It’s cast list includes the lead played by Steve Railsback who I last saw in 1980’s The Stunt Man, Patrick Stewart who you clearly see above you, Peter Firth as a quite British SAS agent and secondary, Frank Finlay as an inquisitive scientist who of course gets too close to comfort to the mystery and Mathilda May as the seductive and almost always nude space woman. It should provide some comfort that May had no reservations nor regrets about the requirements to portray the role and to be honest once you get past the bare obvious thing about her role, she can be kind of frightening.

Based on a short story by Colin Wilson whose title completely gives away the mystery of whom the mysterious aliens are in this movie, it is set in an extremely different, not so distant future as viewed from the mid-80s. A joint space expedition between the U.S. and U.K. is trying to actually land on the returning Halley’s comet but something else next to it catches the crew’s attention.

A massive obelisk that can grow in size into the appearance of an organic umbrella is riding on its tail and the shuttle’s crew just has to investigate no matter how clearly ominous it appears. To be fair, Halley’s doesn’t come around all that often so the opportunity is there and they’ve got to take it.

It’s at this point that I have to compliment the production design and scope of a movie that is one, crazy, and also from a company that was known to and had to penny-pinch to stay afloat. By the production standards of a mid-80s movie, Lifeforce can be pretty impressive, especially in the moments set in space, inside the obelisk, inside the space shuttle and then during the climatic, apocalyptic sequence in London.

What the crew find are three humans in giant crystals, all nude and very visually appealing if you get where I’m coming from. It’s almost as if they are… meant to look most alluring. They are surrounded by the drifting, dead carcasses of what seem to be bat-like creatures. Again, that could be a mighty big tell for the uninformed about this movie. One of the reasons given and the most understandable one to bring back these three humanoids is why they’re humans not of Earth here in this obelisk in the first place.

However, shortly after getting them aboard the shuttle and beginning the long trip home, contact is lost with the shuttle.

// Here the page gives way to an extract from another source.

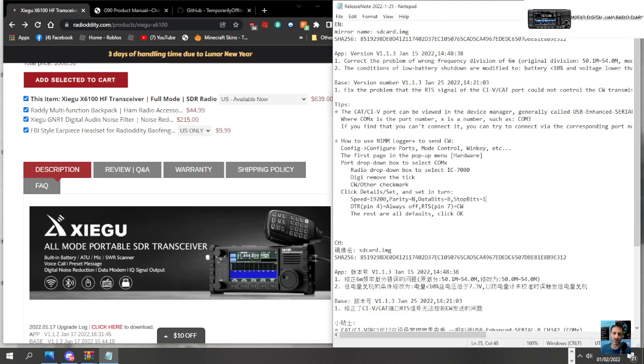Today's date is the first of the second 2022, and the upgrade is version 1.1.3. That will be available soon on the Xiegu and Radiology sites, links in the description. Number one: correct the problem of wrong frequency division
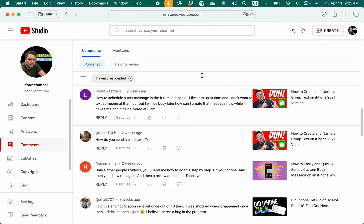Good morning, Kurt here with Teach Mom How. Today I'm going to show you how to schedule a text message for a future time on an Apple iPhone. Apparently this is really easy on an Android. I've never had an Android, but from time to time I go through and try to make custom videos to the questions I get on my other videos. Sorry my sweetie trio 3, this is two weeks old and I'm finally making this video for you. Here's how you schedule a text to go out at a future time.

It’s found drifting erratically above Earth. Another shuttle goes up to investigate and the entire ship is scorched from the inside, the whole crew skeletonized. The three in the crystals are curiously unaffected and the only unaccounted for member, Col. Tom Carlsen (Railsback) who captained the vessel, is found landing in an escape pod later with little to no memory of what had transpired on the journey home. He does begin to suffer horrible nightmares relating to the shuttle, its crew and one of the three humanoids, obviously in this case being the female.

The European Space Research Centre based in London, where the crew’s mission control was established, is where Carlsen tries to recover and give answers about what happened. It’s also where the three beautiful humanoids are brought in to see what they are and what relation they have to the ill-fated shuttle. Once May’s lead female alien awakens, you already know things are going to go cork-screwed from here on out.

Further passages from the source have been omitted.